» **The problem**: Go through the entries below and retype them exactly, omitting each picture.

Stored items:
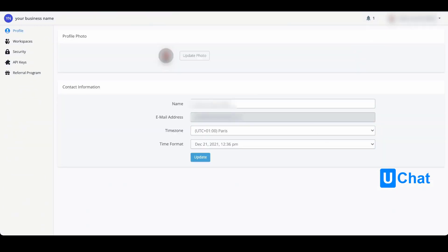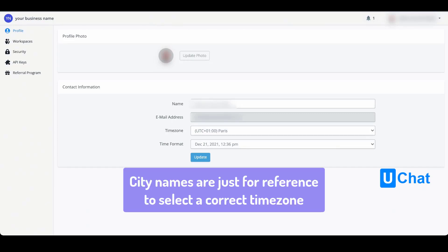From the settings you will have your initial tab, the profile tab, where you can update your photo to anything you like. You can also update your name, and you will be able to set your time zone and your time format.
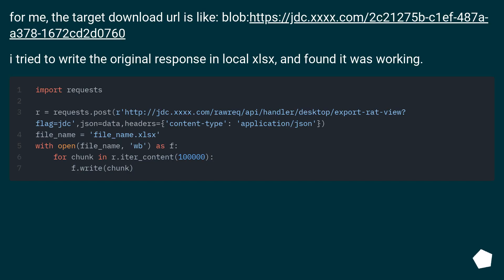For me, the target download URL is like a blob — this URL. I tried writing the original response to a local XLSX file and found it was working.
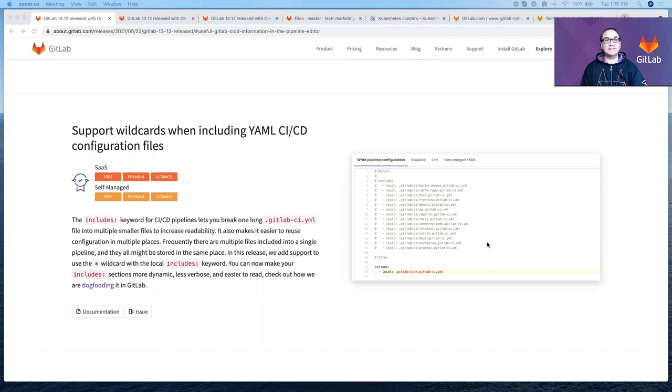Hello, my name is Cesar Saavedra. I'm a Technical Marketing Manager here at GitLab. In this short video, I'm going to cover three features introduced in GitLab 13.12.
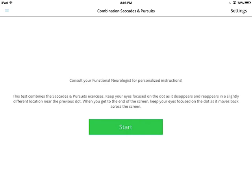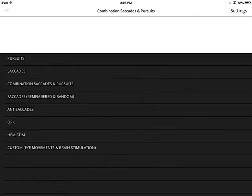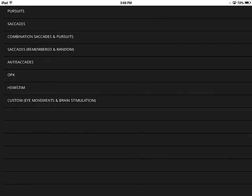And here we go — the combination saccades and pursuits in action. This is how you use the combination saccades and pursuits within the new Focus Builder, along with the pursuits and the saccades. I hope this was helpful to you.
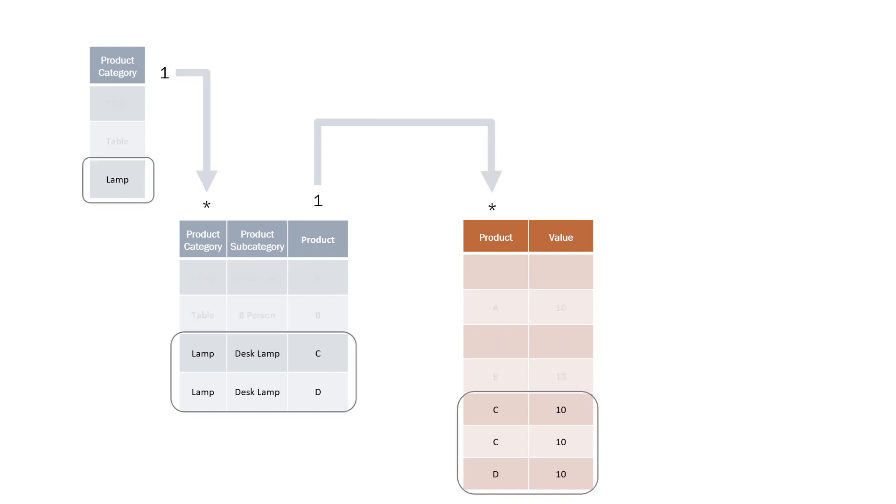This table has a subsequent relationship which is also a one to many which goes to our sales table. Therefore, if we filter our product category on lamp, we can see that this filter propagates through to our products table and filters our two products which are lamps, product C and product D.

» **Result below**:
From the settings you will have your initial tab, the profile tab, where you can update your photo to anything you like. You can also update your name, and you will be able to set your time zone and your time format.
For me, the target download URL is like a blob — this URL. I tried writing the original response to a local XLSX file and found it was working.
Hello, my name is Cesar Saavedra. I'm a Technical Marketing Manager here at GitLab. In this short video, I'm going to cover three features introduced in GitLab 13.12.
And here we go — the combination saccades and pursuits in action. This is how you use the combination saccades and pursuits within the new Focus Builder, along with the pursuits and the saccades. I hope this was helpful to you.
This table has a subsequent relationship which is also a one to many which goes to our sales table. Therefore, if we filter our product category on lamp, we can see that this filter propagates through to our products table and filters our two products which are lamps, product C and product D.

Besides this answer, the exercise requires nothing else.